Ted Byrne is a poet, essayist and translator who lives in Vancouver. He was a member of the Kootenay School of Writing collective for many years. For the past decade he has been an active member the Lacan Salon, and more recently of the Meschonnic Study Group. His most recent book is Duets, a book based on translations from the sonnets of Louise Labé and Guido Cavalcanti (Talonbooks, 2018). Previous books include Aporia (Fissure-Point Blank, 1989)Beautiful Lies (CUE books, 2008), and Sonnets : Louise Labé (Nomados, 2011).
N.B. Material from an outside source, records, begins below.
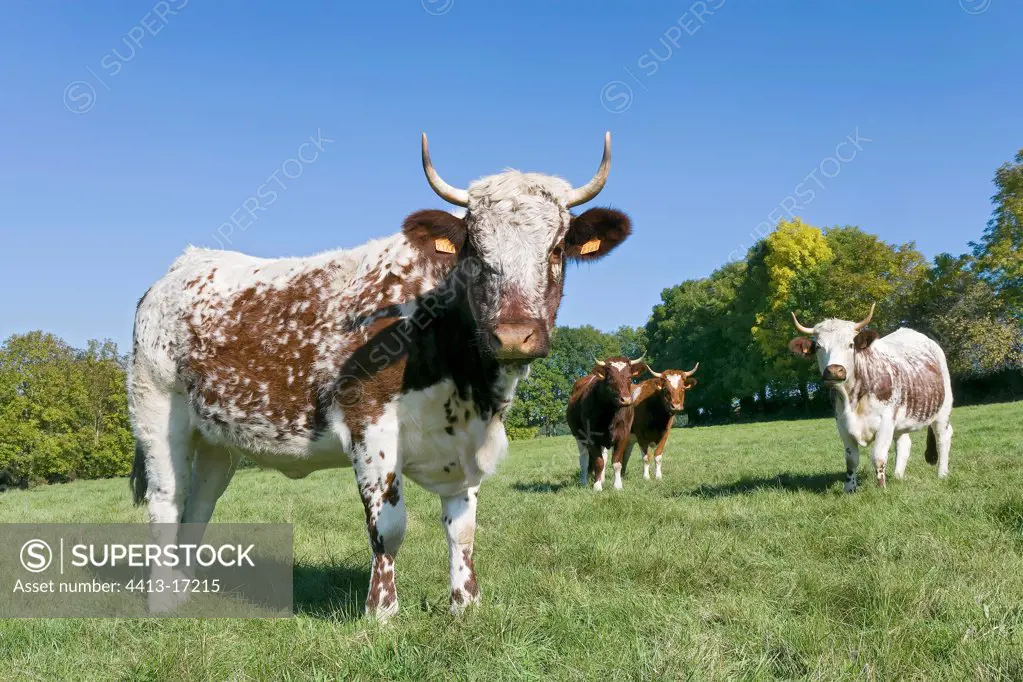 Herd of Heifers ferrandaises in the meadow Auvergne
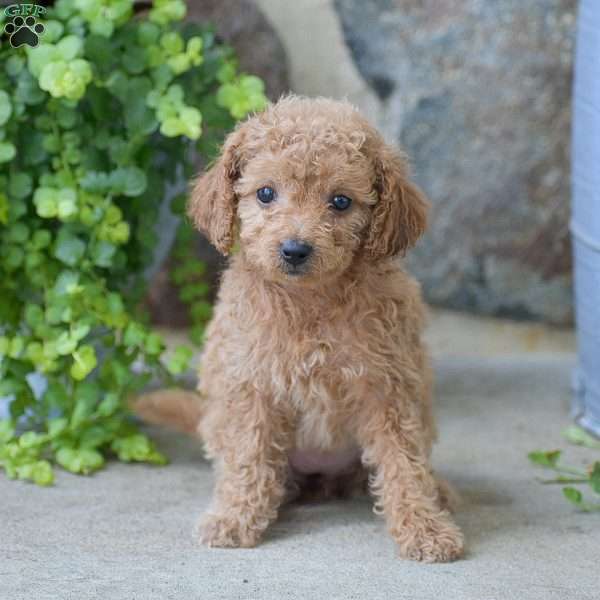 Callie, Mini Goldendoodle Puppy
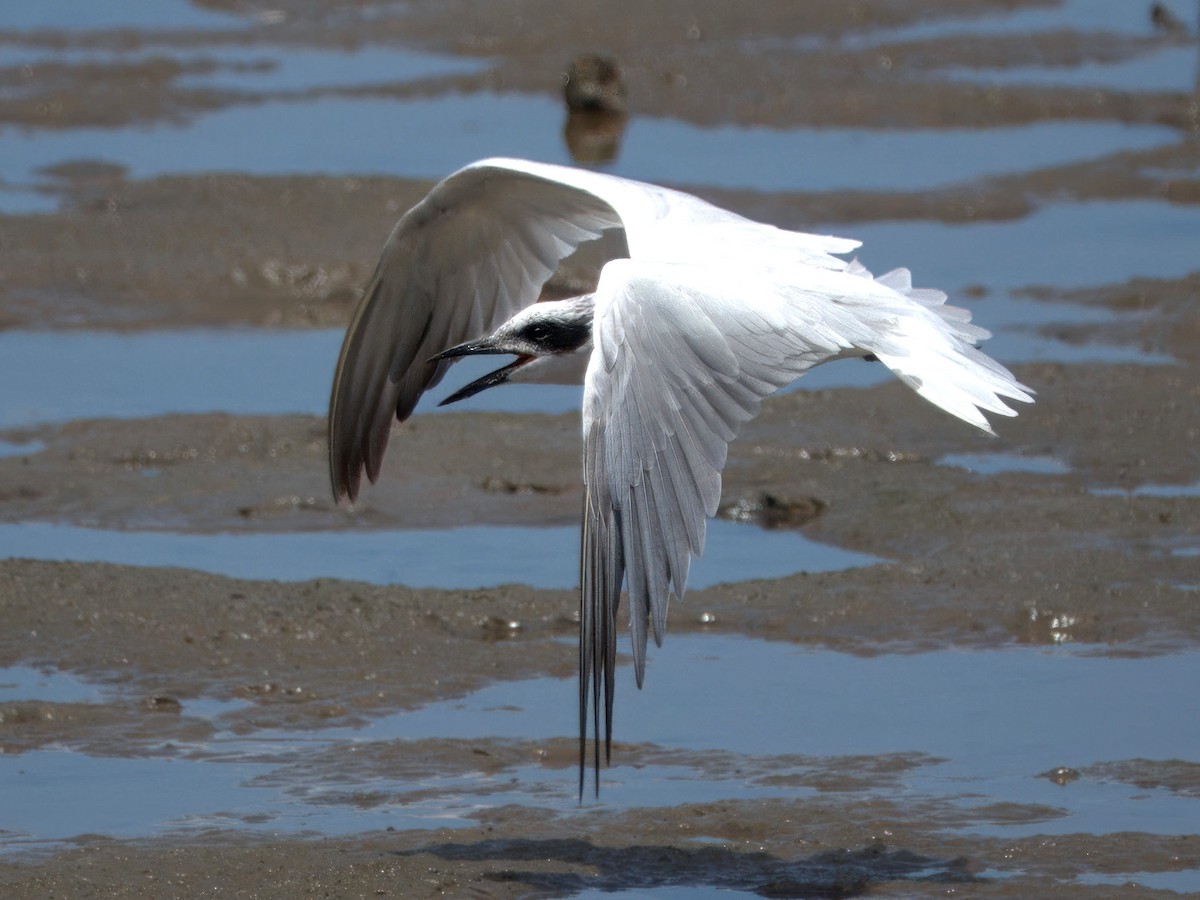 Australian Tern - ML636005997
Poet, literary scholar and interdisciplinary artist, Donato Mancini holds a PhD from the Department of English at the University of British Columbia (UBC), where he worked under Janet Giltrow. His books of poetry include Buffet World (2011), Fact 'N' Value (2011), and Loitersack (2014). Same Diff (2017) was nominated for the 2018 Griffin Prize. Two earlier books, Æthel (2007) and Ligatures (2005) were each nominated for Canada's ReLit Award. Published critical writings include the monograph You Must Work Harder to Write Poetry of Excellence (2011), a discourse-analysis of poetry book reviews, and Anamnesia: Unforgetting (2012), on poly-temporality in the archive of cinema. A longtime resident of Vancouver, Mancini just completed a two-year research fellowship in the Department of English at Johns Hopkins University, in Baltimore.